Larry Kaplow of the Atlanta Journal Constitution reports that clerical followers of Grand Ayatollah Ali Sistani are beginning to threaten direct political action if his fatwa calling for direct elections (one person one vote) of the transitional government is rejected:
‘ “The time has come for us to get our rights,” said Sheik Abdel Mehdi al-Karbalayi, al-Sistani’s representative in the Shiite holy city of Karbala. “I’m not saying there will be military action. Maybe it will be civilian. But there will be instability.” ‘
Sistani has stood for not rocking the boat too hard ever since he became the leading Iraqi Shiite jurisprudent in 1992. He declined to take on Saddam directly. That even Sistani’s followers are talking in this passionate and threatening way points to a level of frustration among moderate Shiites that took me aback. I said on Lehrer Monday that I did not think Sistani would call for street demonstrations if he did not get his way. Was I wrong?
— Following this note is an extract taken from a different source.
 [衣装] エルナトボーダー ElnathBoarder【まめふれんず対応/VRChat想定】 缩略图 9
Sistani’s opposition to the American plan has given an opening to the more radical Sadr movement, which according to Paul Martin of the Washington Times mounted a demonstration in favor of direct elections in Hilla on Wednesday. (The US military arrested a major lieutenant of Muqtada al-Sadr in East Baghdad, Amar al-Yasiri, in connection with an October firefight between Sadrists and the US army, which produced US casualties).
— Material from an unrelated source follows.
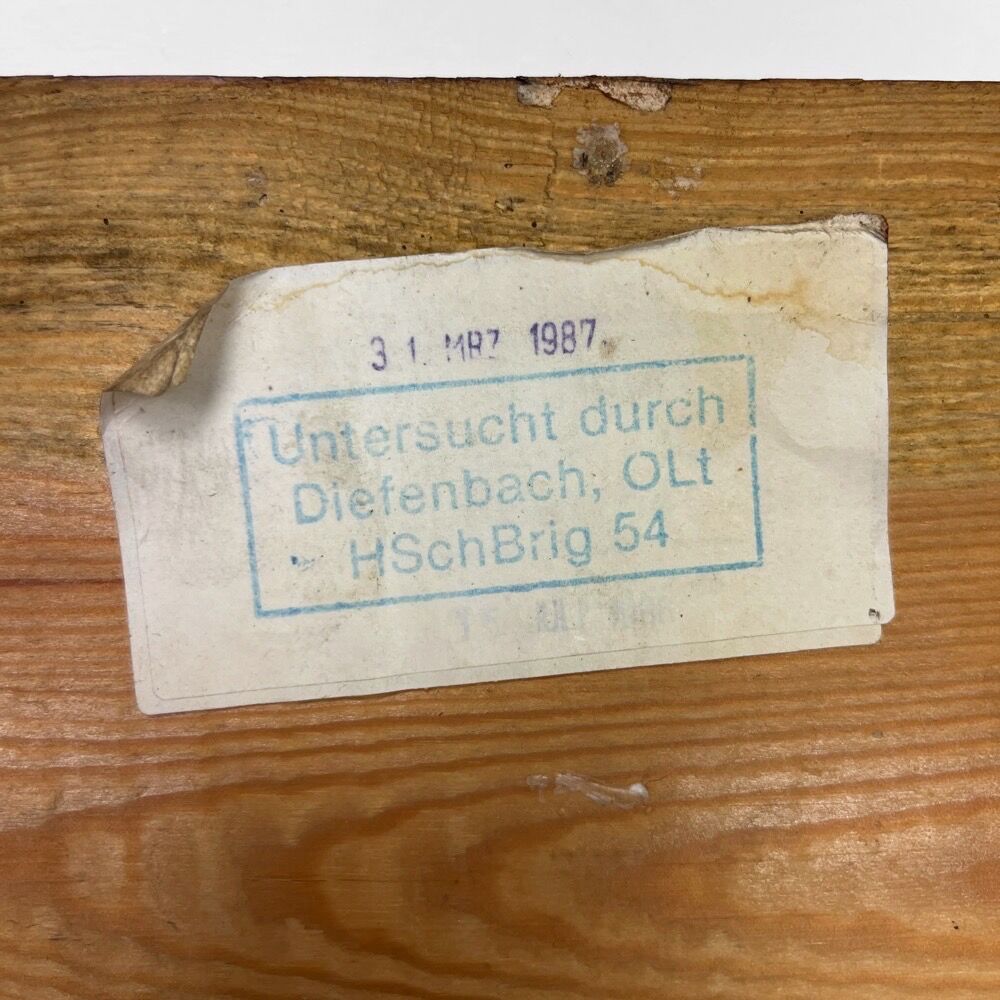 Transport box for explosives 80s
The plan for a new anti-terrorist force of 750-850 fighters, drawn from the militias of 5 Iraqi parties, appears to be going forward. It is scary that the force will include members of the Badr Corps (trained by the Iranian Revolutionary Guards). Western news agencies are not reporting, as al-Zaman does, that one of the five paramilitaries providing fighters is the Communist Party of Iraq! So, the last best hope of the US for an effective anti-terror campaign in Iraq rests with hardline Shiites and Communists?
Meanwhile, Hujjatu’l-Islam Abdul Aziz al-Hakim, now the president for December of the Interim Governing Council, is still insisting on direct elections. Along with Ibrahim Jaafar and Mouwafak al-Rubaie, he forms part of a rump opposition to the majority of the IGC, who agree with the American plan for caucus type elections.
Raja’ al-Khuzai’s op-ed in Wednesday’s New York Times, arguing for the need for special political protections for women, suggests to me that she may not be standing with Sistani despite being a Shiite herself (she co-authored with Turkmen feminist Songul Chapouk). One-person-one-vote sorts of elections have typically returned few women candidates anywhere in the world. If I am right, then gender as well as ideology is entering into the creation of an IGC majority in favor of defying Sistani.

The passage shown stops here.